BEGIN INFORMATION PROVIDED

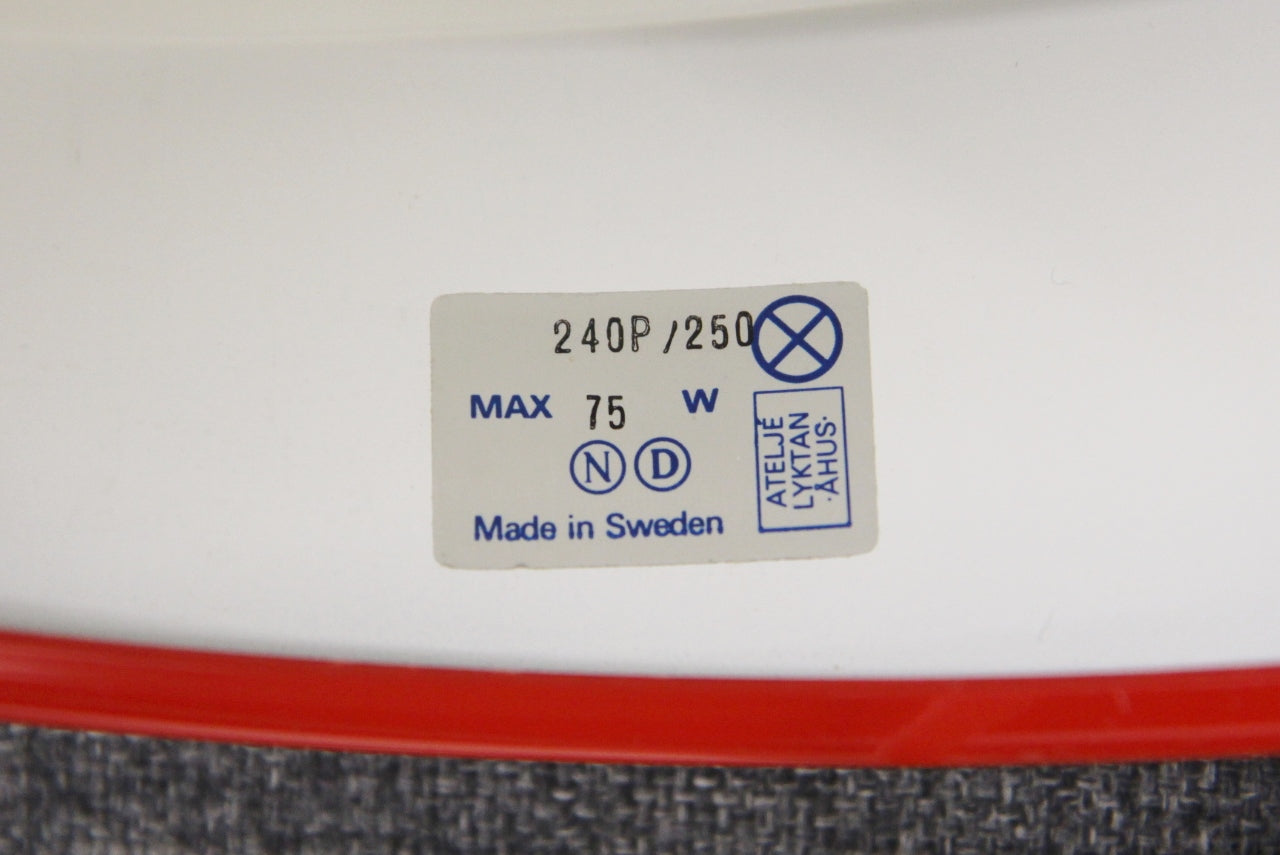 Lampada a sospensione "Bumling" Anders Pehrsson design svedese vintage anni 60 [sw22962]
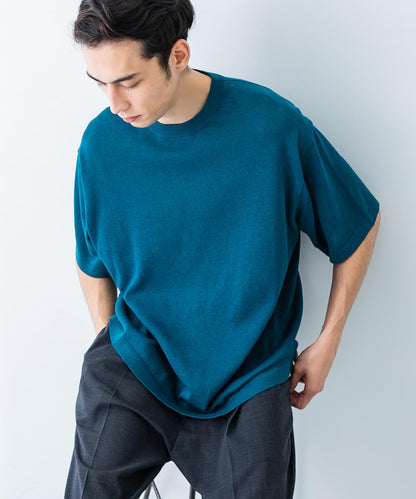 聯名款 crepuscule×UR Washi Knit Short-Sleeve T-shirts T恤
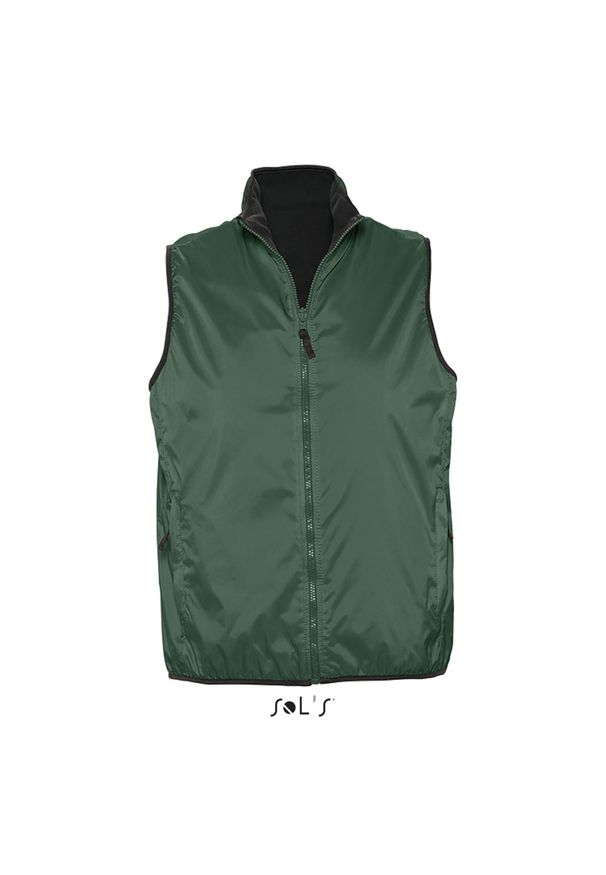 SOL'S - Kurtka bez rękawów Sol's Winner. Kolor: zielony. Długość rękawa: bez rękawów. Sport: turystyka piesza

END INFORMATION PROVIDED

** TASK ITEM **
Print the material in full and exactly; the pictures must not be printed.

** ANSWER SPACE **
 Lampada a sospensione "Bumling" Anders Pehrsson design svedese vintage anni 60 [sw22962]
 聯名款 crepuscule×UR Washi Knit Short-Sleeve T-shirts T恤
 SOL'S - Kurtka bez rękawów Sol's Winner. Kolor: zielony. Długość rękawa: bez rękawów. Sport: turystyka piesza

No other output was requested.